For 20 years, Barrymore played the “Christmas Carol” curmudgeon on the radio every Christmas Day except twice; once because of tragedy and once because of his great generosity.
In 1936, Barrymore’s fortitude and his sentimental side were sorely tested when his beloved wife, Irene, died on Christmas Eve. His brother, John, stayed up with him that night to comfort him and then took his place the next day at the microphone to play Scrooge. Barrymore attended Christmas Mass, then collapsed from grief and spent several weeks at a sanitarium.
It was a horrible end to a bad year, the year that Barrymore broke his hip at home.

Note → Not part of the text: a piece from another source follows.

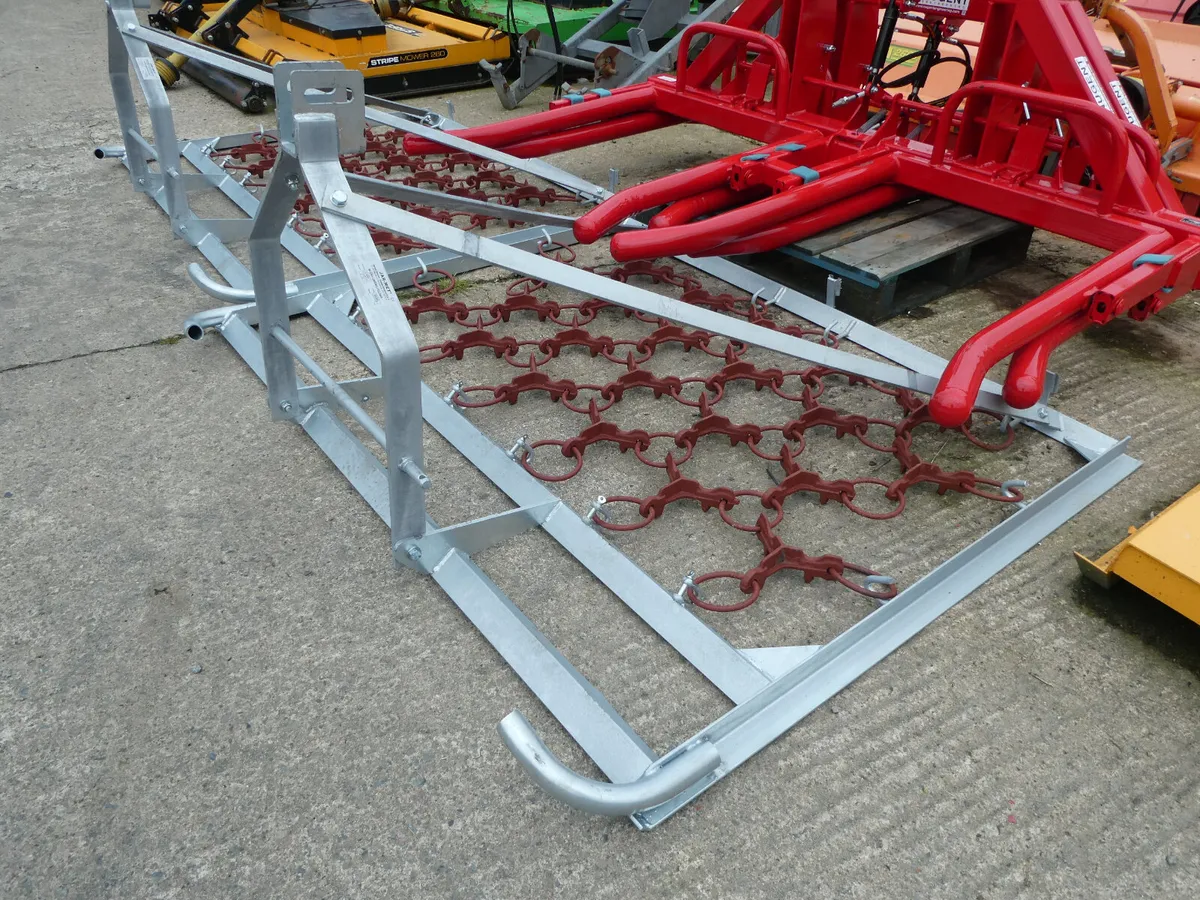 Harrows for compact tractors - Image 3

His recovery period was long and painful, and though he managed to walk again with a limp and a cane, his handicap would eventually put him in a wheelchair for the rest of his life.
Barrymore worried most about his career, expecting this injury would end it. Fortunately, MGM studio head Louis B. Mayer, who had a reputation for ruthlessness, was uncharacteristically kind to Lionel Barrymore. Mayer kept him on the payroll, even when the accounting department questioned it, and found Barrymore work in movies as a wheelchair-bound character—first in the Dr. Kildare series, and then in a number of major films.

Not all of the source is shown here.